検証が正常に完了したら、ワークスペースを移動します。 また、関連付けられているリソースを ids パラメーターに追加することによって、移動操作に含めることもできます。 この操作には数分かかる場合があります。

az resource move --destination-group destination-rg --destination-subscription-id destination-sub-id --ids "/subscriptions/origin-sub-id/resourceGroups/origin-rg/providers/Microsoft.MachineLearningServices/workspaces/origin-workspace-name"

移動が完了したら、コンピューティングを再作成し、Web サービスのエンドポイントを新しい場所に再デプロイします。

シナリオ: 既定以外のデータストアを含むワークスペースを移動する

自動化されたワークスペース移動操作では、既定以外のデータストアは移動されません。 移動後にデータ ストアの資格情報を手動で更新するには、次の手順を使用します。

  1. Azure Machine Learning スタジオ内で [データ] を選択し、既定以外のデータ ストアを選択します。 それぞれの既定以外のデータ ストアについて、[サブスクリプション ID] フィールドと [リソース グループ名] フィールドが空であるかを確認します。 そうである場合は、[認証の更新] を選択します。

    Screenshot of the data asset overview.

    [データストア資格情報の更新] ダイアログで、ストレージ アカウントが移動されたサブスクリプション ID とリソース グループ名を選択した後に、[保存] を選択します。

    Screenshot of the update datastore credentials dialog.

  2. 既定以外のデータ資産に対してサブスクリプション ID フィールドとリソース グループ名フィールドが入力されていて、移動前のサブスクリプション ID とリソース グループを参照している場合は、次の手順を使用します。

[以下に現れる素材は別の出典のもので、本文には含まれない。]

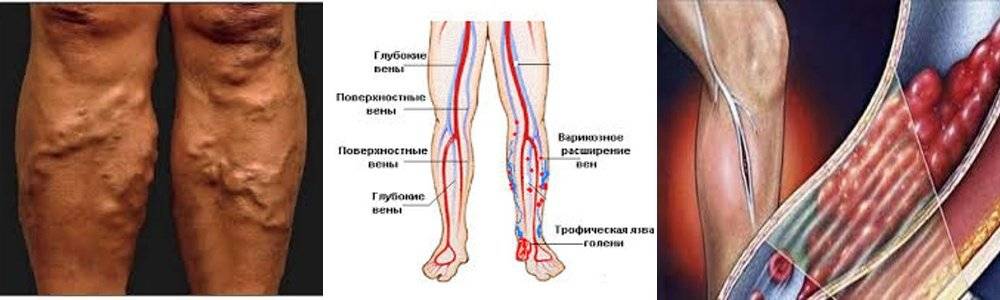 Симптомы, диагностика и лечение тромбофлебита поверхностных вен нижних конечностей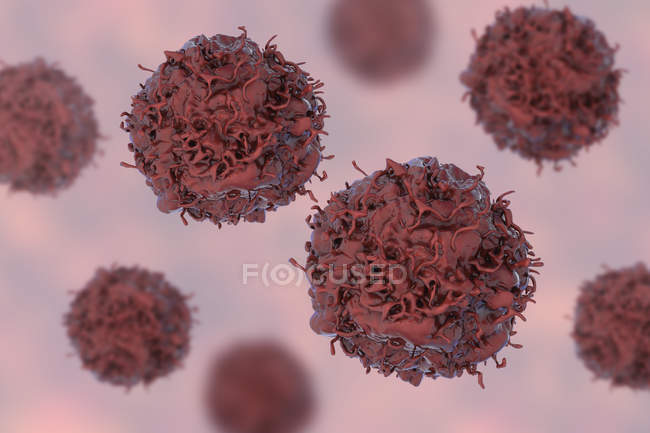 Células cancerosas pulmonares, ilustración digital
. - foto de stock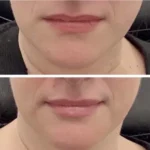 Jawline Contouring West Loop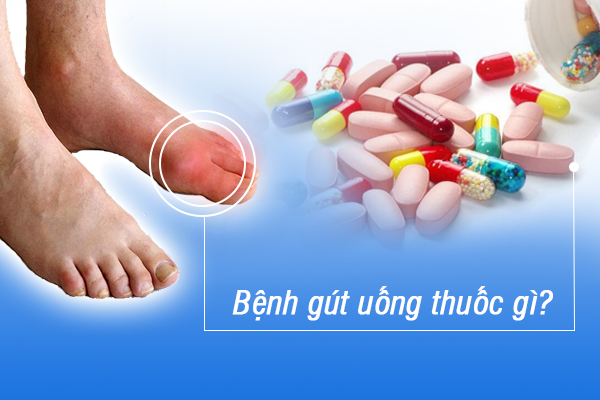 Bệnh gút uống thuốc gì?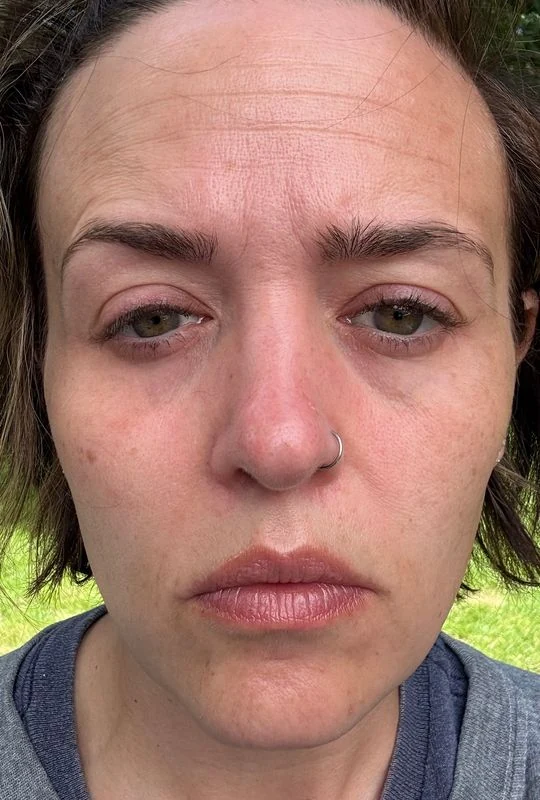 Erin C. fine lines progression after 6 weeks
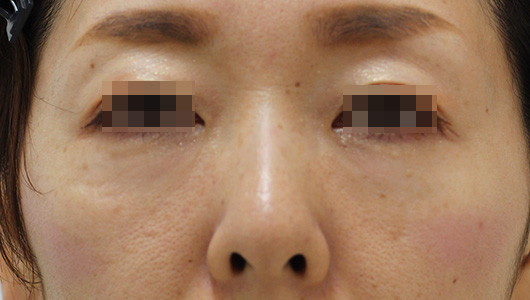 目の周りの症例写真（Before）／40代 女性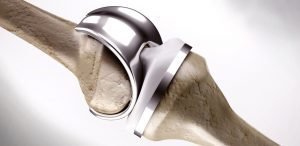 Best joint replacement surgeon in Kolkata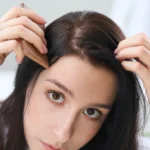 Which Itchy Scalp Treatments Work For Dandruff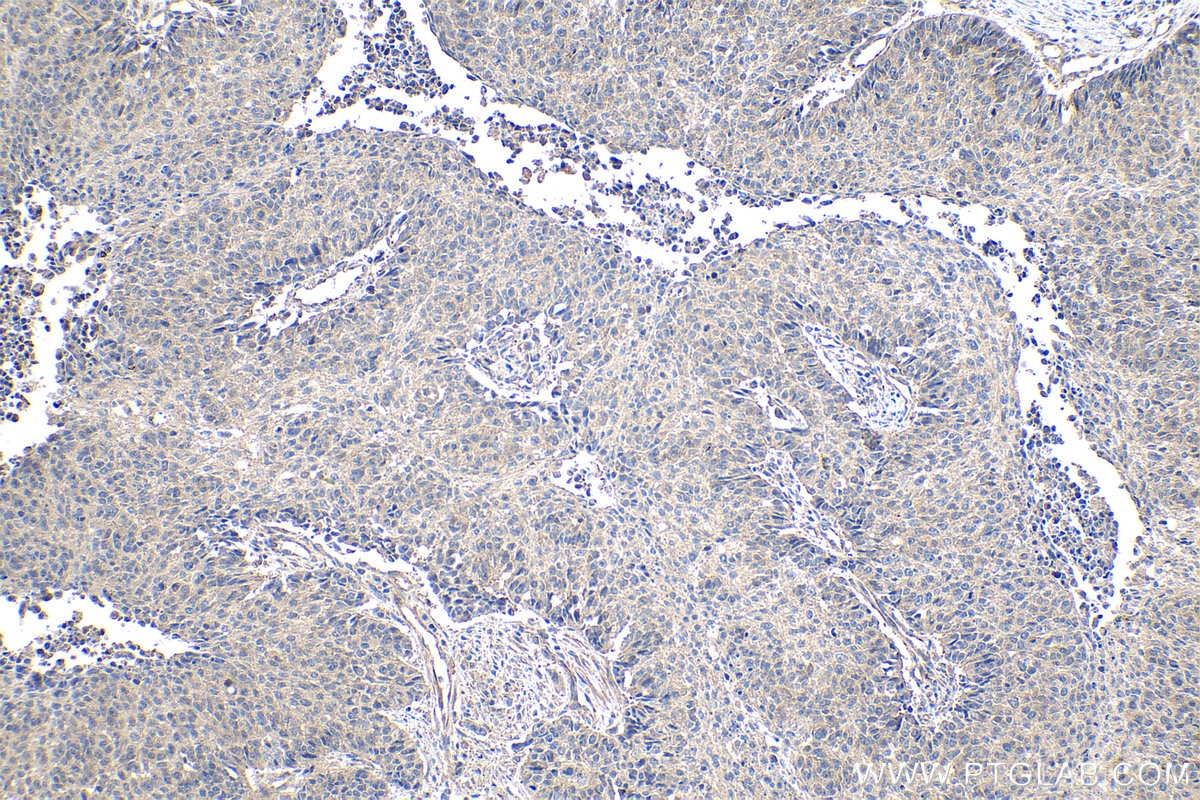 Immunohistochemical analysis of paraffin-embedded human lung cancer tissue slide using KHC0939 (LC3A/B IHC Kit).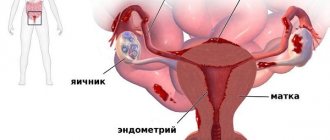 Кровотечение после месячных: причины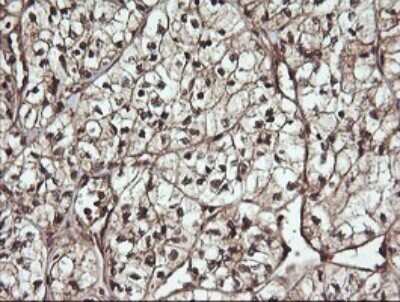 Immunohistochemistry: CDC123 Antibody (OTI1F8) - Azide and BSA Free [NBP2-71391] - Analysis of Carcinoma of Human kidney tissue. (Heat-induced epitope retrieval by 10mM citric buffer, pH6.0, 120C for 3min)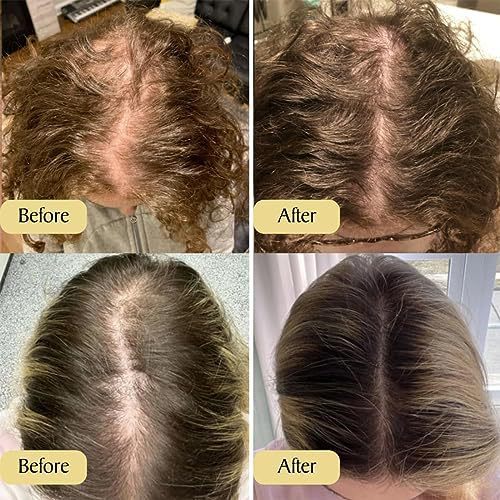 Botany & Co Hair Growth Serum – Reduce Hair Loss & Boost Regrowth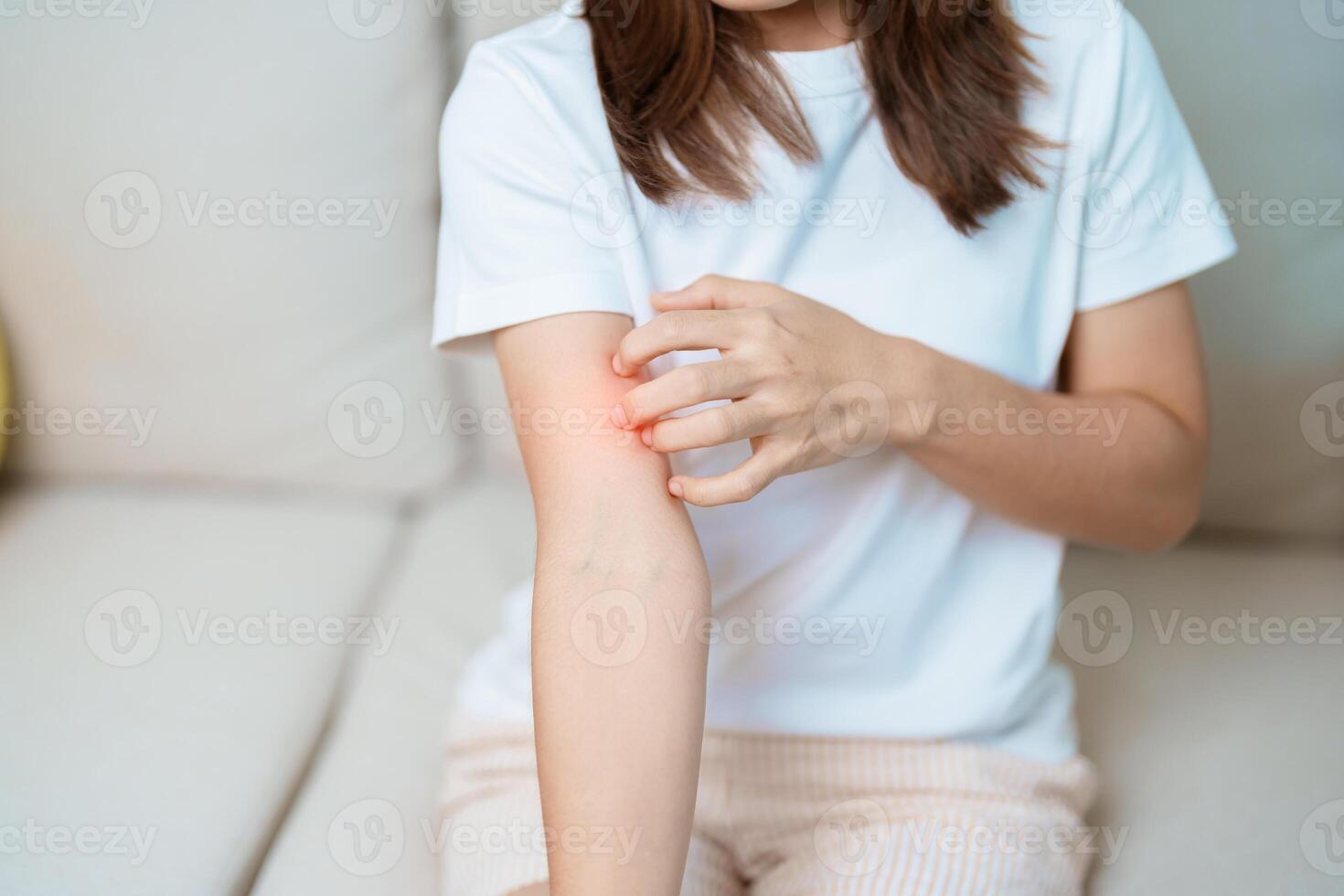 woman itching and scratching itchy arm. Sensitive Skin Allergic reaction to insect bite, food, drug dermatitis. Dermatology, Leprosy day, Systemic lupus erythematosus, Allergy symptoms and rash Eczema photo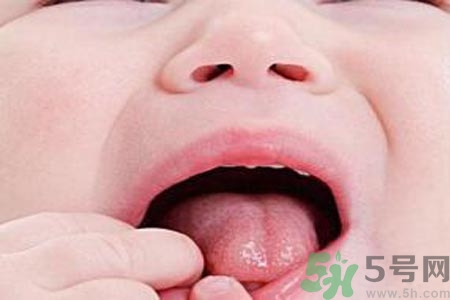 寶寶口腔潰瘍怎么辦？治療寶寶口腔潰瘍方法有什么？
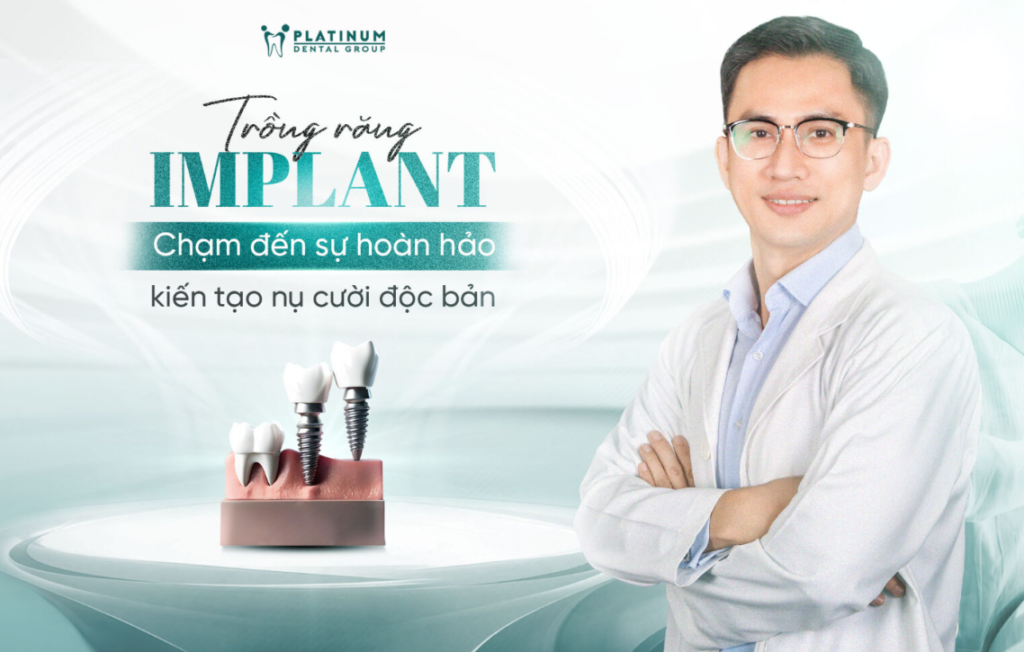 các loại trụ Implant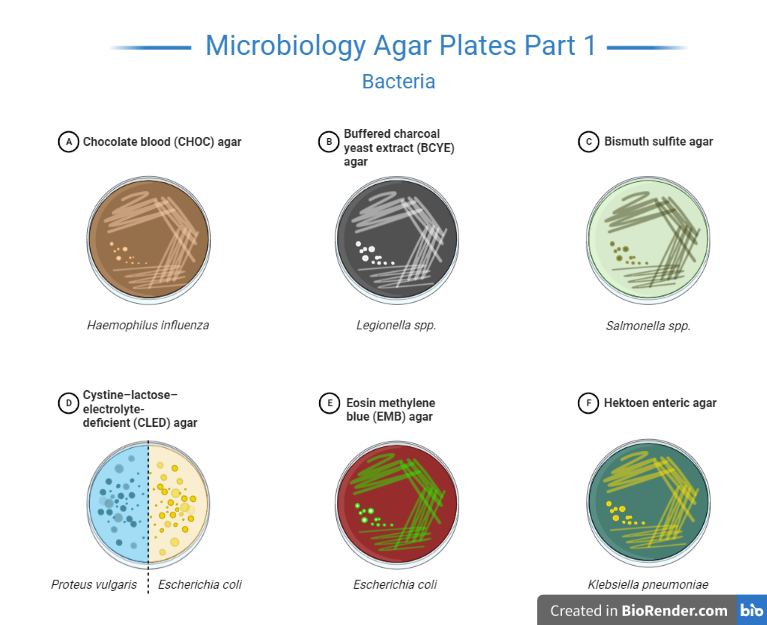 How To Make Agar Plates For Bacteria At Joseph Russo Blog
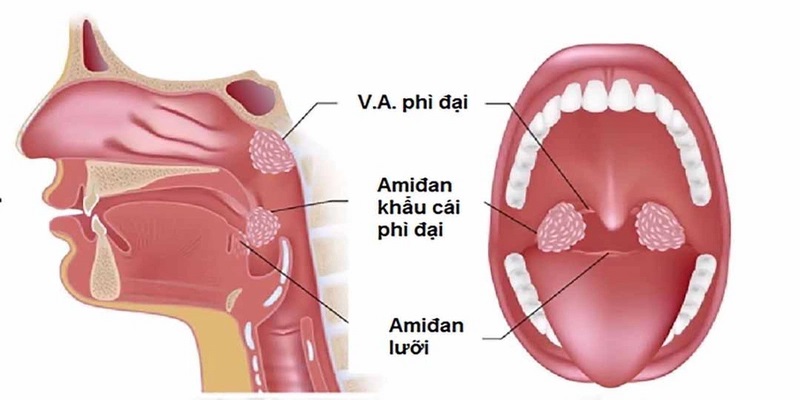 Nếu màng nhĩ bị thủng, dịch có thể chảy ra ngoài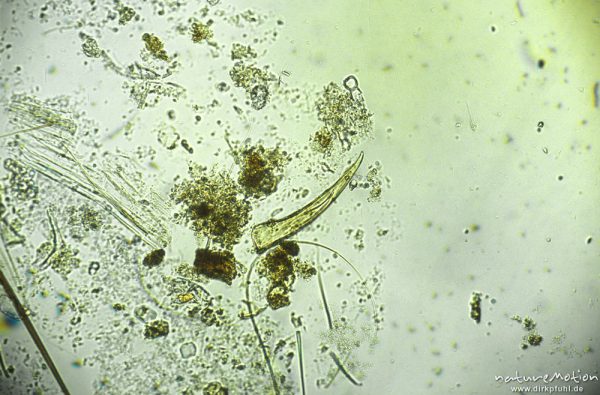 Trichoptera, Kralle, mikroskop. Aufnahme, Nahrungsrest C. boltoni, ,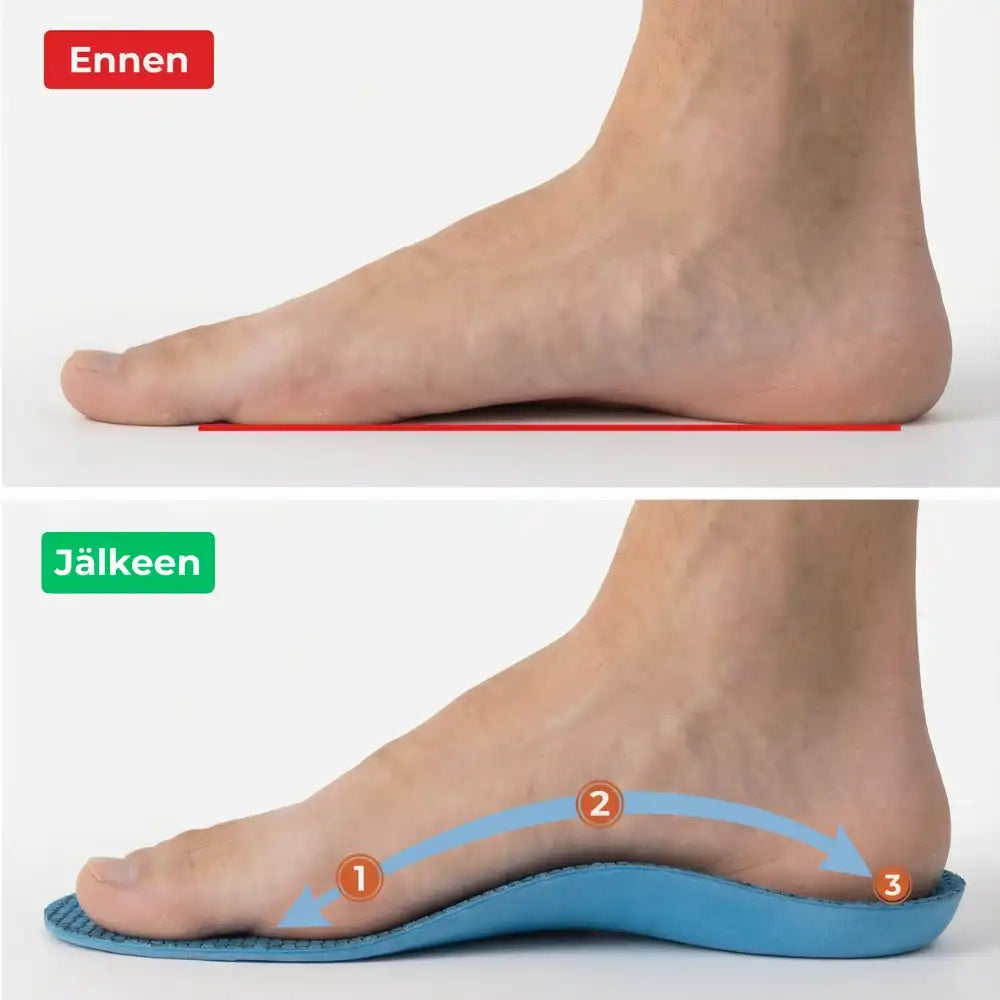 OrthoSole-pohjallisen holvikaaren tuki lähikuvassa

    1. [データストア] タブに移動し、データストアを選択した後に、[登録解除] を選択します。

      Screenshot of the unregister datastore link.

    2. [作成] を選択して新しいデータストアを作成します。

      Screenshot of the create datastore link.

    3. [データストアの作成] ダイアログから、登録解除したデータストアと同じ名前、種類などを使用します。 新しい場所からサブスクリプション ID とストレージ アカウントを選択します。 最後に、[作成] を選択して新しいデータストア登録を作成します。

      Screenshot of the create dataset dialog.